To stop thinking, "when all my old stuff is organized then I will hang the new pictures on the wall."
To just get up and go out and stop feeling unacceptable to go out because my hair is a mess and I'm wearing the same shirt I wore to bed.
To just dive in. Headfirst.
To back off unnecessary spending, but still have hobbies that make me happy.
To take an hour and condense that box of high school and college memories, but only an hour, so I don't get lost in the memories and lose three hours. And to be ok that I'm not finished. That I can go back and do more and not finish again. If you don't start, if you don't do something, then absolutely nothing will change.
I just painted my three kitchen chairs. I still need to wax them, but the painting is done. I can't tell you how long I've been staring at those chairs. Willing myself the energy to finish.
Where was I losing the time? What was sucking my energy? TV. Computer. Some negative websites and bummer podcasts.

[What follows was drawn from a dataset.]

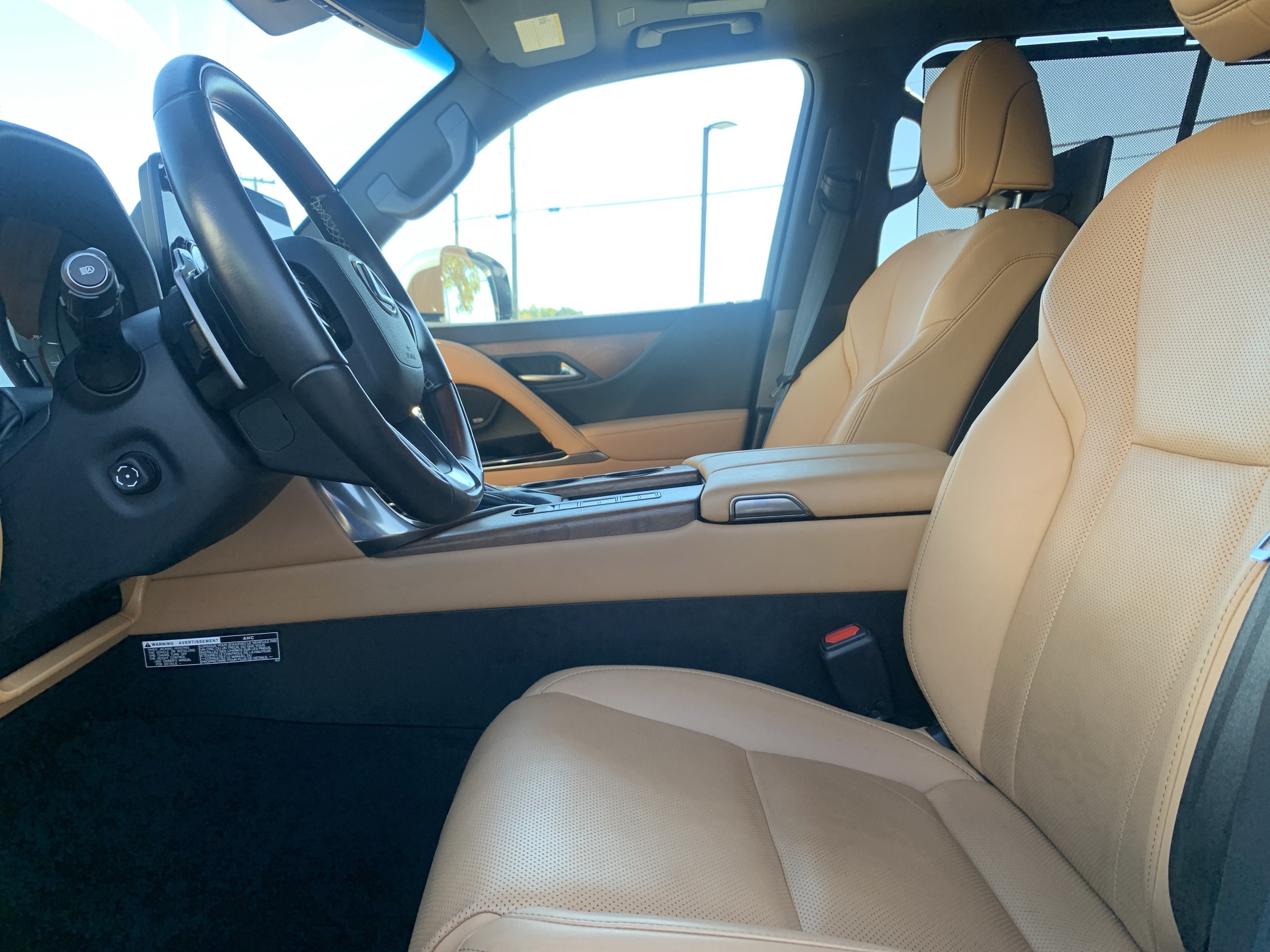 Used 2023 Lexus LX 600 4WD w/ Luxury Package image 16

He asked me if something was bothering me. I told him I thought I was just feeling my age. But we talked and there is more to it. There is always more to it. He suggested I back off TV and the computer. It is a good suggestion. Although right now I am online typing this and watching a video. But, writing makes me feel good and the show is one I've always loved. I'll be done soon. Feeling refreshed that I could get this out, could watch an episode of my favorite old show and got the painting done. Accomplished something. Taking note of what I accomplished and feeling good about the day.